Hello,
A string type column with a utf8_bin collation will not be converted to a
Python Unicode string, but instead will be returned as a utf8 (byte) string.
The MySQL documentation though clearly states: "A nonbinary string has a
character set and is converted to another character set in many cases, even
when the string has a _bin collation"[1].

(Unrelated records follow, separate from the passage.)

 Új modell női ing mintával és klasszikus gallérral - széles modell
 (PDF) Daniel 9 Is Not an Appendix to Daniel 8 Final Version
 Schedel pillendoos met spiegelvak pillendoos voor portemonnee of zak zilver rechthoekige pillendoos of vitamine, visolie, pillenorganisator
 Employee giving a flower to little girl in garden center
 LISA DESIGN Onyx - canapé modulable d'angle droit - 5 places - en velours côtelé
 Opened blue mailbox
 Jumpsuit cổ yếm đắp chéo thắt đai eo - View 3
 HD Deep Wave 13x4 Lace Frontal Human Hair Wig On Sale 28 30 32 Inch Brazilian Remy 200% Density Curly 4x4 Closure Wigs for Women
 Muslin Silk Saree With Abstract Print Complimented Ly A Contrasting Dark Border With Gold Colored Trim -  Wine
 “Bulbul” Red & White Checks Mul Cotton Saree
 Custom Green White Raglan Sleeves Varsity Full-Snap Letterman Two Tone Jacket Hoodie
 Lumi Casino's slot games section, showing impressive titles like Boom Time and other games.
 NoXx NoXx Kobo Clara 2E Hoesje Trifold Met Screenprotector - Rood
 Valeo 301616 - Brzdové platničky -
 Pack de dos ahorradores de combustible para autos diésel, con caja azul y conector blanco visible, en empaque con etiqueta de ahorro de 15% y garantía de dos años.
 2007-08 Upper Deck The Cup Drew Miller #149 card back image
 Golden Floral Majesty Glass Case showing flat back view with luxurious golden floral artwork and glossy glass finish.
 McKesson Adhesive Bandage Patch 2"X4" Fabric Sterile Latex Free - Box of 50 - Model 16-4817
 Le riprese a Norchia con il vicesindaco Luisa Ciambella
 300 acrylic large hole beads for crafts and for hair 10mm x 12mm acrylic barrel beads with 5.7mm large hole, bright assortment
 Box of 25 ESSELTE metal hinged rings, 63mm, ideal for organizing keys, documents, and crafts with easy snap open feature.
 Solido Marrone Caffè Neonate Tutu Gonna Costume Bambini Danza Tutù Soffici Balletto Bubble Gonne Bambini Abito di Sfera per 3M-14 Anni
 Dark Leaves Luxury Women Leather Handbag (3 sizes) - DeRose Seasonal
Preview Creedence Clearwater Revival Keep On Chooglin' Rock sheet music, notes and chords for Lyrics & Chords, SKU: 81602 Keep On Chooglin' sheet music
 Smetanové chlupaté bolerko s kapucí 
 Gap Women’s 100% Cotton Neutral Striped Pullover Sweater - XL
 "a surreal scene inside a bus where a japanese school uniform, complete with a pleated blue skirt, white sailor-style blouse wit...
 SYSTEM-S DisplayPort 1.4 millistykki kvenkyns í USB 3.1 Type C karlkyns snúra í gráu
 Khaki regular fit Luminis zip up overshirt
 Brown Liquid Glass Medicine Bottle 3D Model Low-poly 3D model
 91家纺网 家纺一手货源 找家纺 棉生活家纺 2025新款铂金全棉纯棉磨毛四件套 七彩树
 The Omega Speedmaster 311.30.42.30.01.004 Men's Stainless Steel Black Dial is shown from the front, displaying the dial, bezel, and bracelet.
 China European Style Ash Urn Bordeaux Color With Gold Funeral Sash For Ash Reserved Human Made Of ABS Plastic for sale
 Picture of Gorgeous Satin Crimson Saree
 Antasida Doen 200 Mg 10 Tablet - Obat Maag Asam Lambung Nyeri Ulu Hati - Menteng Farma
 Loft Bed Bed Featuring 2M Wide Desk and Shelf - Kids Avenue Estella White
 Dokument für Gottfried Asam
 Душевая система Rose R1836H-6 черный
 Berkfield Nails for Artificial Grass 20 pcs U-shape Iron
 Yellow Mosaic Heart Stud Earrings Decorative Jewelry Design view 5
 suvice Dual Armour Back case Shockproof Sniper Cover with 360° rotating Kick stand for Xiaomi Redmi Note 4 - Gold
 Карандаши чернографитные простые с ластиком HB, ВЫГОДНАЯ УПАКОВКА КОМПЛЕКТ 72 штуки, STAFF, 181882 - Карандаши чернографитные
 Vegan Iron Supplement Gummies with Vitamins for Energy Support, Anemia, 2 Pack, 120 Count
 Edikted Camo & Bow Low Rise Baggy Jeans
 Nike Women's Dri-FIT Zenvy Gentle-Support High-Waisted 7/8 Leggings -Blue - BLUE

I understand that a string with utf8_bin collation is still a string and
thus should not be dealt with differently. The utf8_bin collation is
essential when working with Unicode without wanting the Unicode collation
algorithm to kick in.
How to reproduce:
CREATE TABLE t1 (
a CHAR(10) CHARACTER SET utf8 COLLATE utf8_bin,
);
INSERT INTO t1 VALUES ('ü');
In Python:
import MySQLdb
db = MySQLdb.connect(db='pymysqltest', charset='utf8', use_unicode=True)
cur = db.cursor()
cur.execute("SELECT a FROM t1;")
1L
cur.fetchall()
(('\xc3\xbc',),)
Chosing utf8_general_ci instead of utf8_bin will properly yield Unicode
objects:
cur.execute("SELECT a COLLATE utf8_general_ci FROM t1;")
1L
cur.fetchall()
((u'\xfc',),)
[1] http://dev.mysql.com/doc/refman/5.1/en/charset-binary-collations.html
this bug has been reported as bug #541198 against python-mysqldb 1.2.2-8
in debian: http://bugs.debian.org/541198
original submitter was: Christoph Burgmer chrislb@gmx.de
greetings,
jonas
Thank you for the bug report! After spending nearly two days wondering why sqlalchemy was returning strings when using use_unicode=True in the connection string whereas it returns unicode when using use_unicode=False I finally found that MySQL for Python fails to detect columns defined like
page_title
varchar(255) CHARACTER SET utf8 COLLATE utf8_bin NOT NULLto be "text" columns - and they are treated as being binary. The definition above is from MediaWiki - so it's not that uncommon to have such column definitions. I'm using MySQL-python 1.2.3.
Thanks, Philipp
MySQL-python 1.2.4 seemed to fix this issue. The column mentioned in the previous post is returned as UnicodeType now when using use_unicode=True in the connection string.
Thanks for fixing this.
Philipp, I created a SourceForge account just so I could thank you! I was having the same exact problem and seriously beginning to question my sanity when I finally entered the right search terms and found this. :)